>>>

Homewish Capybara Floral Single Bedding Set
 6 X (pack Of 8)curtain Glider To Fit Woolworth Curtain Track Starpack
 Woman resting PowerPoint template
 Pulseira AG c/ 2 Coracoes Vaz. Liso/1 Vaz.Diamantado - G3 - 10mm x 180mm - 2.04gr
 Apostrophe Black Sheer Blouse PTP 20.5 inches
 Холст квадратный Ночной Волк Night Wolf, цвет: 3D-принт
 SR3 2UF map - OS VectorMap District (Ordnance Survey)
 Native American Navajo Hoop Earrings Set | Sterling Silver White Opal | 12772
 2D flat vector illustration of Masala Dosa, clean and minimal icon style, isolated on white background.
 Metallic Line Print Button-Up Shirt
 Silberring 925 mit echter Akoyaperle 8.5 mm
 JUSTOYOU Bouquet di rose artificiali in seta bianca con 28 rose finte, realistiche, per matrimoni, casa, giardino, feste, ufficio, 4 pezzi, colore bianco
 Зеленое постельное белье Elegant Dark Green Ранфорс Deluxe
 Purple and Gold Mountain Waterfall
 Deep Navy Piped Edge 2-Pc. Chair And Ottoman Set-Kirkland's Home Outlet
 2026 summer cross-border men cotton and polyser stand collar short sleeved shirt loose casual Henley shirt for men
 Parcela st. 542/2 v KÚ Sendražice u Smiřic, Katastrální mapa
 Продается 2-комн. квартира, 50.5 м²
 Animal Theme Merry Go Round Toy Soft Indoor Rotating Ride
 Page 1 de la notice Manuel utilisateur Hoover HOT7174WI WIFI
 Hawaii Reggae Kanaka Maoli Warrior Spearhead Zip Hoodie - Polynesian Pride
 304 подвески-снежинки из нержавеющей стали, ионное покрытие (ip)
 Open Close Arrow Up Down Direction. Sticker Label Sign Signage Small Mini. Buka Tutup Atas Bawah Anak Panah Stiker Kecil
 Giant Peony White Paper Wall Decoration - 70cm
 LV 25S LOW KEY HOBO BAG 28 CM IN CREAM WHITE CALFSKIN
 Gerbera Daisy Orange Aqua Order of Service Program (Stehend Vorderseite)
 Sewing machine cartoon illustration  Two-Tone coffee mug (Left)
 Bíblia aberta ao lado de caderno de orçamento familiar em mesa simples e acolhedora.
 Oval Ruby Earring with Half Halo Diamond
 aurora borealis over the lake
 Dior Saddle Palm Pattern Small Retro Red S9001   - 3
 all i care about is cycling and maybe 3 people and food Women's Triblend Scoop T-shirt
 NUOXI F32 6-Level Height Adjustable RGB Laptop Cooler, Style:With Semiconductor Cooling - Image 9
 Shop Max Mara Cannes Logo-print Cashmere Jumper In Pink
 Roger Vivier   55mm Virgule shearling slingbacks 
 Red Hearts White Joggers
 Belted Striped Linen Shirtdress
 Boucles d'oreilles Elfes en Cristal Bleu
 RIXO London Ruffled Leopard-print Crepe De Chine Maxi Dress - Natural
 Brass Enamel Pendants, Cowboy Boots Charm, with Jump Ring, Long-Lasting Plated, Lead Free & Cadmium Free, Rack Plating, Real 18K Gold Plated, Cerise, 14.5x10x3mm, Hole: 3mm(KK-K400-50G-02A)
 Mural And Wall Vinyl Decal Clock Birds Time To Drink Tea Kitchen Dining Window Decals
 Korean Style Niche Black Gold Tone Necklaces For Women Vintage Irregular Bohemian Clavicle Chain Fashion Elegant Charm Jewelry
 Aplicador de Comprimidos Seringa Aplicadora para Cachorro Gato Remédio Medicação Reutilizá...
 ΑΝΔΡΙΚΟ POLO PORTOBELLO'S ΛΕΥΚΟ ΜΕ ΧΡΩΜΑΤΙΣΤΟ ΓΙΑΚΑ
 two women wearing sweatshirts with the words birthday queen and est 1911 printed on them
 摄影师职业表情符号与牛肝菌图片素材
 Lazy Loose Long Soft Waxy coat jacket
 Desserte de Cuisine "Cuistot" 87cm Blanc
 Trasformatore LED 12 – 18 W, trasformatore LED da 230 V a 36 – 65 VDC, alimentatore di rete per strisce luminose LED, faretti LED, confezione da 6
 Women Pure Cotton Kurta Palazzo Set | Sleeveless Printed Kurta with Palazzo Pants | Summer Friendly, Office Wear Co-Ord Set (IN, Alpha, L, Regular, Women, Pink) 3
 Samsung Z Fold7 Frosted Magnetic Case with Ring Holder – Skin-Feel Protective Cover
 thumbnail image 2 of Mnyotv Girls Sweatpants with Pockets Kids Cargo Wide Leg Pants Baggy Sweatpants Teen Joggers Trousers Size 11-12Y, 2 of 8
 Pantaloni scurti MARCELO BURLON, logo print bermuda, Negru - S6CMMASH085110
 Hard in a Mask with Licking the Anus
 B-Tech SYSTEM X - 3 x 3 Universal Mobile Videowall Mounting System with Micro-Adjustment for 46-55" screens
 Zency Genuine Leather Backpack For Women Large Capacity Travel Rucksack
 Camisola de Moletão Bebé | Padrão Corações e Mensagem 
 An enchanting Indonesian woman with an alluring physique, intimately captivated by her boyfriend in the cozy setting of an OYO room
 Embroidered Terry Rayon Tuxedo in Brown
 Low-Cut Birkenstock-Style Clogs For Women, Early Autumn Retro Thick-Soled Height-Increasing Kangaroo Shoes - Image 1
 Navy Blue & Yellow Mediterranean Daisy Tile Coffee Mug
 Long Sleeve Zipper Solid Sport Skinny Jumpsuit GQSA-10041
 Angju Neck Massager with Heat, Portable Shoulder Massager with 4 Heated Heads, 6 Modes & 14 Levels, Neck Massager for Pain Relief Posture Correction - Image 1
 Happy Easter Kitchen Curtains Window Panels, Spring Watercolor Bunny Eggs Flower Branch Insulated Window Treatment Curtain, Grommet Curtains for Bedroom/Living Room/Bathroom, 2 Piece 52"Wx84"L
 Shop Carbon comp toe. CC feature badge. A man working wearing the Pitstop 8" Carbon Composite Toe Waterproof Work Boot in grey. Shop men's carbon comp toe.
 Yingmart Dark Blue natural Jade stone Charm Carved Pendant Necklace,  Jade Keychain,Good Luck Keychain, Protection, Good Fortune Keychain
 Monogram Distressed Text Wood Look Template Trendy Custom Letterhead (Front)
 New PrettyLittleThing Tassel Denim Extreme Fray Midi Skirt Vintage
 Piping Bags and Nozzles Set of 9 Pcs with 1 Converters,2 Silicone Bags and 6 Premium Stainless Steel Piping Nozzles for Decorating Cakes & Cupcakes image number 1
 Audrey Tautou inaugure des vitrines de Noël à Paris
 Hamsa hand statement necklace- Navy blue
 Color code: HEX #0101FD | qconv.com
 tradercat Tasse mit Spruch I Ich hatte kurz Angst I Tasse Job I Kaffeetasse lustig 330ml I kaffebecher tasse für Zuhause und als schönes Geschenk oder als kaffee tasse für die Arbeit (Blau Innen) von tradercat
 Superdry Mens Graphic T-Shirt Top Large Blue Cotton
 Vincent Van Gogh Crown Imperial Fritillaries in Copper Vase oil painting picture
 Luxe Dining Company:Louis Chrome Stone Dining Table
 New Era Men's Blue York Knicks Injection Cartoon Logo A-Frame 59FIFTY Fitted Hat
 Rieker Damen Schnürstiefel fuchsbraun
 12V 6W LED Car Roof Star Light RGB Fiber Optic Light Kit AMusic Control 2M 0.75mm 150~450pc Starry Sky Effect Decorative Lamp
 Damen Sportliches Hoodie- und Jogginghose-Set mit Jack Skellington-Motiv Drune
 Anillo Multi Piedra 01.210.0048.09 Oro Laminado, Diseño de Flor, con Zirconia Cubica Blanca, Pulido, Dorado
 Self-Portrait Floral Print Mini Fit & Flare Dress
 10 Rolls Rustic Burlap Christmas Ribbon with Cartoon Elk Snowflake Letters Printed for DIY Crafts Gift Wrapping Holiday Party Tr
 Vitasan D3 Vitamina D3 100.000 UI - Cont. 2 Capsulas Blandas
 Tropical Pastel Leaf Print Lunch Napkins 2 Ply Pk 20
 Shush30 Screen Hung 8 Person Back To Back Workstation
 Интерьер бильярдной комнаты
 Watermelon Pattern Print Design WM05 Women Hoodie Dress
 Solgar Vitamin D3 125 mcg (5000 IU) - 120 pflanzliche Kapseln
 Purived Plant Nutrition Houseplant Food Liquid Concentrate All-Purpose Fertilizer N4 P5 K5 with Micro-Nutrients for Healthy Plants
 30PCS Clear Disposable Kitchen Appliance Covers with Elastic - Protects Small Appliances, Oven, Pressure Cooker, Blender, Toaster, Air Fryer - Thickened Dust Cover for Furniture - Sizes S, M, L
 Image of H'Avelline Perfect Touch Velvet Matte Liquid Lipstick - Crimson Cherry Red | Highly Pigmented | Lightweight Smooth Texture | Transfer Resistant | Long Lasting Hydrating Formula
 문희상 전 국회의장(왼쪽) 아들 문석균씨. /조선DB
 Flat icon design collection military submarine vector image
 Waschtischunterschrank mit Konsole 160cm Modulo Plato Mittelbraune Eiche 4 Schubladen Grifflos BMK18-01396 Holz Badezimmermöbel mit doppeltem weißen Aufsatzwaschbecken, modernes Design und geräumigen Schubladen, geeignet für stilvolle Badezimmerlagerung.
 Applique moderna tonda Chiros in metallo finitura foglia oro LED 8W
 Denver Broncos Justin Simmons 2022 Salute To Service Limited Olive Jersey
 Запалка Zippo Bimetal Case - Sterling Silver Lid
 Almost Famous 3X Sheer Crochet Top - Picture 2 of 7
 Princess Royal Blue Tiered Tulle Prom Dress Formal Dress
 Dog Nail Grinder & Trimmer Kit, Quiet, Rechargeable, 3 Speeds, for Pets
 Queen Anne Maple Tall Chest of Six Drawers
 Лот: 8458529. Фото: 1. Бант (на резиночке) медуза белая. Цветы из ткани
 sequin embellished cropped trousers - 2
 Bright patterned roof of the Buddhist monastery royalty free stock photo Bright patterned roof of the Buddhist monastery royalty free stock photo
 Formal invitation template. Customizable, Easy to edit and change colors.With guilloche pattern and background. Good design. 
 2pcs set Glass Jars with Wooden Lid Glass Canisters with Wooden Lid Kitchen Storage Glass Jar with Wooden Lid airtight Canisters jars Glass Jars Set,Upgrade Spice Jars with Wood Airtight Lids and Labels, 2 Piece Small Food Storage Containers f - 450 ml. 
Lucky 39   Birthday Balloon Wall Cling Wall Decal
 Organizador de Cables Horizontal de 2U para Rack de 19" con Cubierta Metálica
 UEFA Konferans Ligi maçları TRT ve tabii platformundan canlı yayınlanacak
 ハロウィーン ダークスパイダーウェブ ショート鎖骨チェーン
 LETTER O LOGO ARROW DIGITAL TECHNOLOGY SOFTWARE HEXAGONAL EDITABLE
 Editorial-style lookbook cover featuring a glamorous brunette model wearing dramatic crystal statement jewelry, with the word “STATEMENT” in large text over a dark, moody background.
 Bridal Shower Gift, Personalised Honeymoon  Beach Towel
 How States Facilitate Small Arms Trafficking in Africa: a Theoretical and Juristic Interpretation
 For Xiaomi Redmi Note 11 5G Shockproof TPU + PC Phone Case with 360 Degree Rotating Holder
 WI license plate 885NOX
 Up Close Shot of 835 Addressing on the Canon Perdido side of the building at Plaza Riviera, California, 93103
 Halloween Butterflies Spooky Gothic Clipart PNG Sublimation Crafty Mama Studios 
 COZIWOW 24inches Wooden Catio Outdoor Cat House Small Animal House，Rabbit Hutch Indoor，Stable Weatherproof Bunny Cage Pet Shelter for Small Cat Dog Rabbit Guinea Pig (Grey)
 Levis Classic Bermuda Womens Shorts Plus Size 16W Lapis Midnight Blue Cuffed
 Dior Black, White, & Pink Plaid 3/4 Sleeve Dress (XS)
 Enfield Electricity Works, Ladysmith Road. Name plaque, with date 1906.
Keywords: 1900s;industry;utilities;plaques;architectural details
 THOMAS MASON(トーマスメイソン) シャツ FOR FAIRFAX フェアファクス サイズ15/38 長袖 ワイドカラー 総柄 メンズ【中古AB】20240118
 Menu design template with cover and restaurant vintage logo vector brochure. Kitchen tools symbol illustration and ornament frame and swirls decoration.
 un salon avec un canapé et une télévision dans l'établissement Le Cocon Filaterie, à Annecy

<<<

The string "Decal" may appear in the lines of the records above. State how many lines contain it, with no other words.

2